◆ ASSIGNED TASK: Set down, please, exactly the lines below that run from the line with "Открытка на каждый" to the line with "Уроки эндодонтии. Почему", both lines included.

*** GIVEN ENTRIES Section Begins ***

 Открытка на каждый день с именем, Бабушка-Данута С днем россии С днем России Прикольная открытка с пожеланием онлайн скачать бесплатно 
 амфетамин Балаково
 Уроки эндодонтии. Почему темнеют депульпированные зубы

*** GIVEN ENTRIES Section Ends ***
*** GIVEN ENTRIES Section Begins ***

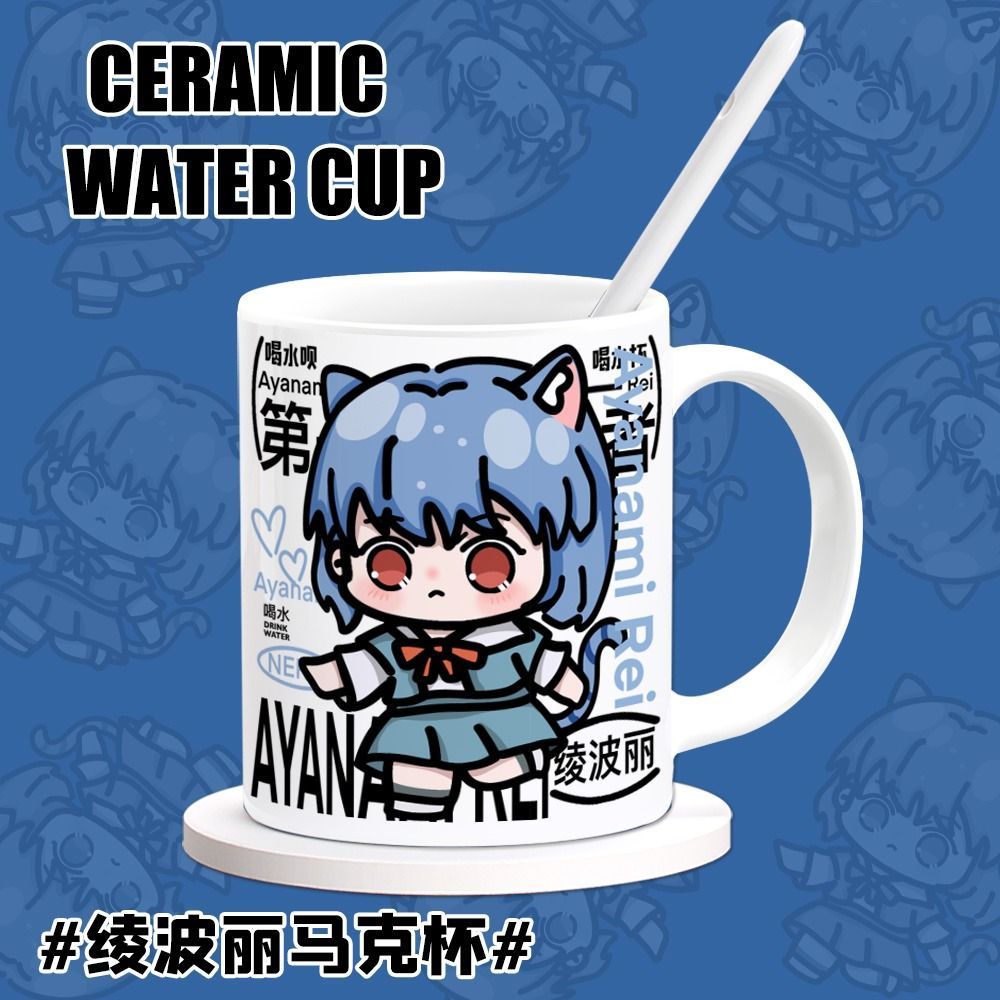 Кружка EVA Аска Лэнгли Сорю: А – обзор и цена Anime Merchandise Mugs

*** GIVEN ENTRIES Section Ends ***

◆ ANSWER TO THIS PROBLEM:
 Открытка на каждый день с именем, Бабушка-Данута С днем россии С днем России Прикольная открытка с пожеланием онлайн скачать бесплатно 
 амфетамин Балаково
 Уроки эндодонтии. Почему темнеют депульпированные зубы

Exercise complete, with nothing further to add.